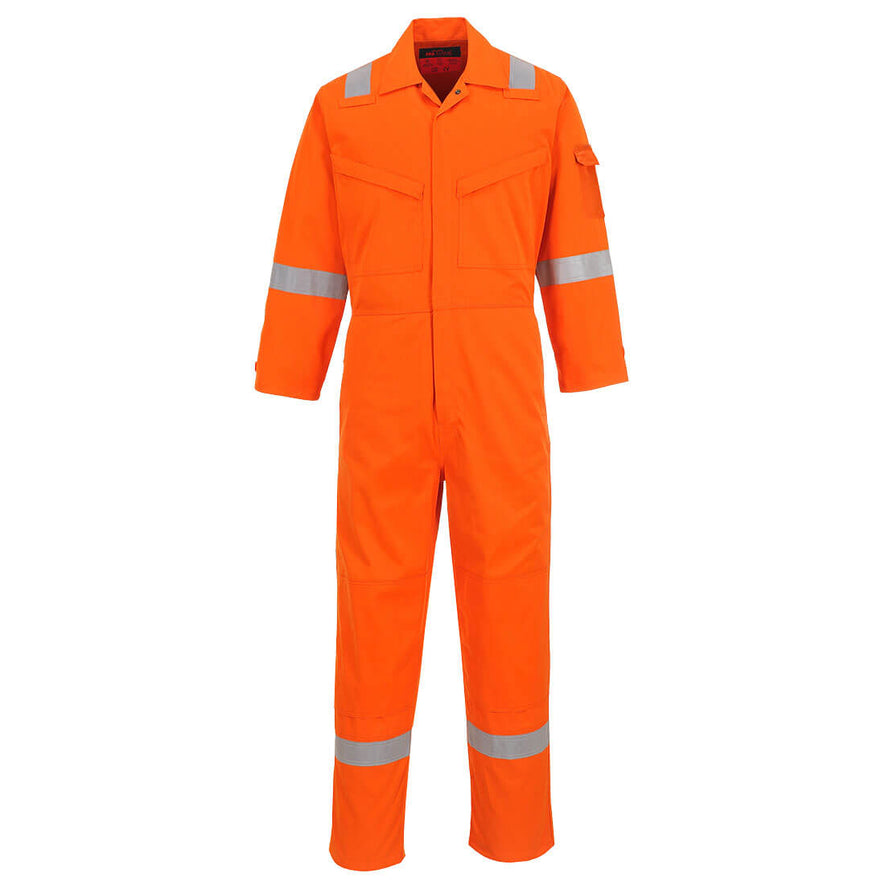 Orange flame retardant coverall with hi vis straps on the ankles, arms and shoulders. coveralls are zip fasten and have visible zip chest pockets.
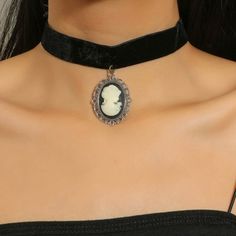 Victorian Gothcore Cameo Black Velvet Choker Victorian Metal Choker Gift, Victorian Style Metal Choker Necklace, Black Victorian Necklace, Cameo Choker Necklace, Cameo Choker, Black Victorian Choker Necklace, Black Velvet Choker Necklace, Victorian Accessories, Goth Accessories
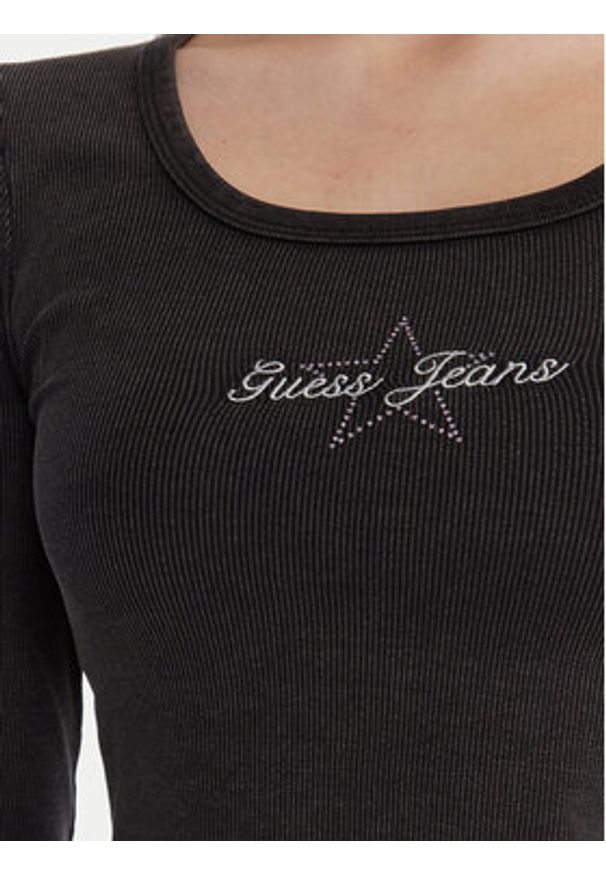 Guess Jeans Bluzka W6RP24 KA0H1 Szary Slim Fit. Kolor: szary. Materiał: bawełna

What you will do
Omit the pictures and reproduce the remaining material above exactly.

Answer to this task
 Orange flame retardant coverall with hi vis straps on the ankles, arms and shoulders. coveralls are zip fasten and have visible zip chest pockets.
 Victorian Gothcore Cameo Black Velvet Choker Victorian Metal Choker Gift, Victorian Style Metal Choker Necklace, Black Victorian Necklace, Cameo Choker Necklace, Cameo Choker, Black Victorian Choker Necklace, Black Velvet Choker Necklace, Victorian Accessories, Goth Accessories
 Guess Jeans Bluzka W6RP24 KA0H1 Szary Slim Fit. Kolor: szary. Materiał: bawełna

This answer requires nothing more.